COCONUT: A coronal model with an energy decomposition strategy
Haopeng Wang, Stefaan Poedts, Andrea Lani, Rayan Dhib, Luis Linan, Tinatin Baratashvili, Hyun-Jin Jeong, Yuhao Zhou, Yucong Li, Mahdi Najafi-Ziyazi, Juan Wang, Brigitte Schmieder, Wensi Wang, Edin Husidic
TL;DR
This work tackles the numerical instability that arises in low-beta coronal MHD simulations when the thermal pressure is derived from the full energy equation. It introduces an energy-decomposition strategy that evolves a decomposed energy E1 (internal plus kinetic energy) and pairs it with an HLL flux that includes an additional dissipation term to mitigate catastrophic cancellation, all within the time-evolving implicit MHD code COCONUT. The approach achieves near parity with the full-energy results during solar minimum and rising phases while markedly improving stability during solar maximum, demonstrated by quasi-steady tests and a solar-maximum time-evolution that remained stable where the full-energy version failed.
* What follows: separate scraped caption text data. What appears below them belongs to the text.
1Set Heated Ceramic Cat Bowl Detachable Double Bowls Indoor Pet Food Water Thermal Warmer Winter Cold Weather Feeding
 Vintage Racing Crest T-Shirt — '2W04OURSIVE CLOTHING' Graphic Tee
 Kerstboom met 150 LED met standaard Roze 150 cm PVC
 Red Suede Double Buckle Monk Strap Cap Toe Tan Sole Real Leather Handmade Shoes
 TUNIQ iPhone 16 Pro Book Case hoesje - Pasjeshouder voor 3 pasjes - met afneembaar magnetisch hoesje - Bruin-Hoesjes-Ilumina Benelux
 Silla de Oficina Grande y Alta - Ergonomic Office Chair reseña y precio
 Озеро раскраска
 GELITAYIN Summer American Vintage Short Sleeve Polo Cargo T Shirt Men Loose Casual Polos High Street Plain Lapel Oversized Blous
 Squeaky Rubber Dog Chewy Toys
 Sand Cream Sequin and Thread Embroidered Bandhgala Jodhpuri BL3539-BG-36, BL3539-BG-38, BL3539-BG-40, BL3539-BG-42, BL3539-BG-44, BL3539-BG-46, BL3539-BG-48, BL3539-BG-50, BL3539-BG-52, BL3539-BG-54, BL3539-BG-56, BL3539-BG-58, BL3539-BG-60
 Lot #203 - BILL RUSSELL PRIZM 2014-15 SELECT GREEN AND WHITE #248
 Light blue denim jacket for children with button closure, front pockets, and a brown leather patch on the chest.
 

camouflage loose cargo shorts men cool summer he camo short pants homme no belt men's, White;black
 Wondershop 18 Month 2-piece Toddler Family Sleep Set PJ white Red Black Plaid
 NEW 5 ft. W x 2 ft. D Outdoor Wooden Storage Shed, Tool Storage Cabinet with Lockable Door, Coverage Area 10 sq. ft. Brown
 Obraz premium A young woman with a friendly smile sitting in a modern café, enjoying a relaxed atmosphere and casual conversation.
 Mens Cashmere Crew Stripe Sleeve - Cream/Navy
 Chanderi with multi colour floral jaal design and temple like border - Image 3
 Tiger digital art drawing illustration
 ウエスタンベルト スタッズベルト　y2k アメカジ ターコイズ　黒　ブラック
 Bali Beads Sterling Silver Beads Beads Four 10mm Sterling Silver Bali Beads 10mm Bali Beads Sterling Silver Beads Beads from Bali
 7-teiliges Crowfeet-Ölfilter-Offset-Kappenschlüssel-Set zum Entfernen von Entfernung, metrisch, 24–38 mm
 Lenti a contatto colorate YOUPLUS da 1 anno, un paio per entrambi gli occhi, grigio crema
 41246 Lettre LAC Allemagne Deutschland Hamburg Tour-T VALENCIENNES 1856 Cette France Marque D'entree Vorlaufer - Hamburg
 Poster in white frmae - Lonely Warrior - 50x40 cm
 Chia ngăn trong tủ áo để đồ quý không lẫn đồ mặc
The method enables more realistic coronal evolution modeling through solar cycles and opens avenues for data-driven CME modeling, with demonstrated scalability on high-performance computing resources and compatibility with existing boundary-conditions and PF extrapolation practices.
Abstract
In this paper, we propose an energy decomposition method combined with an HLL Riemann solver that includes an additional dissipation term in the energy equation to improve the numerical stability of the fully implicit, time-evolving coronal model COCONUT and extend its applicability to solar-maximum phases. In MHD simulations that evolve conservative variables in time, the thermal pressure is typically computed by subtracting the magnetic and kinetic energies from the total energy. In low-beta (the ratio of thermal to magnetic pressure; $< 10^{-3}$) regions, discretization errors of magnetic energy can be comparable to the thermal pressure, potentially leading to negative thermal pressure and causing the simulation to crash. Therefore, we update the decomposed energy, excluding the magnetic energy, at each time step. It avoids subtracting a large magnetic energy from the total energy to obtain a very small thermal pressure in low-$β$ regions, thereby improving the numerical stability of MHD models. We validate the algorithm using a time-evolving solar-maximum Carrington rotation simulation in 2025, which the previous code failed to run to completion. We also perform quasi-steady-state coronal simulations and 2D benchmark tests to further assess the algorithm's performance. The simulation results show that the algorithm produces results nearly identical to those obtained using the traditional full energy equation during solar minimum, while significantly improving COCONUT's ability to simulate coronal evolution under strong magnetic fields, even including fields exceeding 100 Gauss with $β<10^{-3}$. This method provides a promising approach for performing quasi-realistic coronal simulations during solar maxima.